Feature HDF5 Zarr mGeoTIFF Explanation
Portability 2 3 1 mGeoTIFF is widely supported and easily shareable.
Compression 2 2 1 Advanced compression options thanks to GDAL.
Coordinates definition 3 3 1 Strict spatial and temporal definitions.
GIS compatibility 2 2 1 Because a mGeoTIFF is still a GeoTIFF.
Chunking 1 1 3 mGeoTIFF only supports spatial chunking.
Nested Groups 1 1 3 mGeoTIFF does not support hierarchical data organization.
Diverse Array Shapes Support 1 1 3 mGeoTIFF only supports regular arrays.
Rich Metadata 1 1 2 mGeoTIFF only supports JSON-encoded metadata.
*1: Excellent, 2: Okay, 3: Poor*

Proof of Concept

We successfully transformed a massive 4 Terabyte dataset of 200,000 ZARR files into a streamlined, cloud-native 700 GB dataset of just few files. This optimization was achieved using TACO and Temporal GeoTIFFs.

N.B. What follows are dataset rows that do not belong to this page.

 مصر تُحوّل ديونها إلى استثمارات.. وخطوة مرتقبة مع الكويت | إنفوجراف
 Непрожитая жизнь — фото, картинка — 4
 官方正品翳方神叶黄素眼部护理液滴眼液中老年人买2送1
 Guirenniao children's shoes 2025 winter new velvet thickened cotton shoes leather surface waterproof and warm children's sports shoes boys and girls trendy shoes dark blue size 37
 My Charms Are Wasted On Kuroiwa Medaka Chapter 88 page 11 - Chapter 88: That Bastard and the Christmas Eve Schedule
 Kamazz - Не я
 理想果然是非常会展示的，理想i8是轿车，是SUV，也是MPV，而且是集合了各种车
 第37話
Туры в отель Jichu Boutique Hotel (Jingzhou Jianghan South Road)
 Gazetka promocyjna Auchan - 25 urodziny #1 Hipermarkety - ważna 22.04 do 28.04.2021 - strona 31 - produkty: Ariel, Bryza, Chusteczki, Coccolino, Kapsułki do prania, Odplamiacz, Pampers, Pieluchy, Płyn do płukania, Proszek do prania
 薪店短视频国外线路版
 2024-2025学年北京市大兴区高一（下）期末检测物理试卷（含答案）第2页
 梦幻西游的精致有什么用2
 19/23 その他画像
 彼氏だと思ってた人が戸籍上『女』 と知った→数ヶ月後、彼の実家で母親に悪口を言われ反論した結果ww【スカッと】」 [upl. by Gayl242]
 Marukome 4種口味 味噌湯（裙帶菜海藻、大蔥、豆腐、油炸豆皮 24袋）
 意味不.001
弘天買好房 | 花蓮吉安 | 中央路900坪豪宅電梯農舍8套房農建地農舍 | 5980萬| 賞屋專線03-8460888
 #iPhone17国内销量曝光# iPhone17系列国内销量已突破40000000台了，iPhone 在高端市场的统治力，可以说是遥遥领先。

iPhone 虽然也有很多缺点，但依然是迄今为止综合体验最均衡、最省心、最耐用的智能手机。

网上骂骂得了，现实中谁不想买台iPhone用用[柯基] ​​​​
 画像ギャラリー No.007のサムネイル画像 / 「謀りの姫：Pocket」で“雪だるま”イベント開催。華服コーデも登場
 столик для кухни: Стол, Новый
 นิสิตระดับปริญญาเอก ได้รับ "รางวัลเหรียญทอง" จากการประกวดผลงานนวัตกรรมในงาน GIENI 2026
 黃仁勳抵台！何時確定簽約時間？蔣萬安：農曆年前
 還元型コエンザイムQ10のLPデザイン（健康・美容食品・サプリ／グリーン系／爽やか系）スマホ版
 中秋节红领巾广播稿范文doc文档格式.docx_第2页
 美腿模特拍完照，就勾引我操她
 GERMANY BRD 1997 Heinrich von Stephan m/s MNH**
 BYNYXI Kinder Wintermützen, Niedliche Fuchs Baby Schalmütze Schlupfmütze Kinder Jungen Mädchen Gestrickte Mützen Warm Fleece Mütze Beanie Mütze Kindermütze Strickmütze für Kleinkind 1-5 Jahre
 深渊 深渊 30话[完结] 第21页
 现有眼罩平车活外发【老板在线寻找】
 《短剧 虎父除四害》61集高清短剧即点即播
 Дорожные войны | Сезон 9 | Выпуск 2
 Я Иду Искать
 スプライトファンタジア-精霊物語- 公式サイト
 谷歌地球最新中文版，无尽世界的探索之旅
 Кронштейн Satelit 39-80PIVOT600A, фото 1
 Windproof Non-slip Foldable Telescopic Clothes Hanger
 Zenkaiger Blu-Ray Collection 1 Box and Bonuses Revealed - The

🌟 Explore the dataset here!

Installation

pip install mrio

How to use it?

Writing a Multidimensional GeoTIFF

import mrio
import numpy as np
import xarray as xr
import pandas as pd

# 1. Define a 5-dimensional dataset (toy example)
data = np.random.rand(3, 5, 7, 128, 128)
time = list(pd.date_range("2021-01-01", periods=5).strftime("%Y%m%d"))
bands = ["B02", "B03", "B04", "B08", "B11", "B12", "B8A"]
simulations = ["historical", "rcp45", "rcp85"]

datacube = xr.DataArray(
    data=data,
    dims=["simulation", "time", "band", "lat", "lon"],
    coords={
        "simulation": simulations,
        "time": time,
        "band": bands,
    },
)

# 2. Define the parameters
params = {
    "driver": "GTiff",
    "dtype": "float32",
    "width": datacube.shape[-1],
    "height": datacube.shape[-2],
    "interleave": "pixel",
    "crs": "EPSG:4326",
    "transform": mrio.transform.from_bounds(-76.2, 4.31, -76.1, 4.32, 128, 128),
    "md:pattern": "simulation time band lat lon -> (simulation band time) lat lon",
    "md:coordinates": {
        "time": time,
        "band": bands,
        "simulation": simulations,
    },
    "md:attributes": {  # OPTIONAL: additional attributes to include in the file
        "hello": "world",
    },
}

# 3. Write the data
with mrio.open("image.tif", mode="w", **params) as src:
    src.write(datacube.values)

# 4. Read the data
with mrio.open("image.tif") as src:
    data_r = src.read()

# 5. Convert the data back to an xarray DataArray
datacube_r = xr.DataArray(
    data=data_r,
    dims=src.md_meta["md:dimensions"],
    coords=src.md_meta["md:coordinates"],
    attrs=src.md_meta["md:attributes"]
)

# 6. Assert that the data is the same
assert np.allclose(datacube, datacube_r)

Writing a Temporal GeoTIFF

A reproducible and real-world example of a Temporal GeoTIFF: using this format reduces file size by 60% compared to storing different time steps in separate files.

from datetime import datetime
import pandas as pd
import tacoreader
import numpy as np
import mrio

# 1. Load a dataset that contains images from the same location
cloudsen12_l1c = tacoreader.load("tacofoundation:cloudsen12-l1c")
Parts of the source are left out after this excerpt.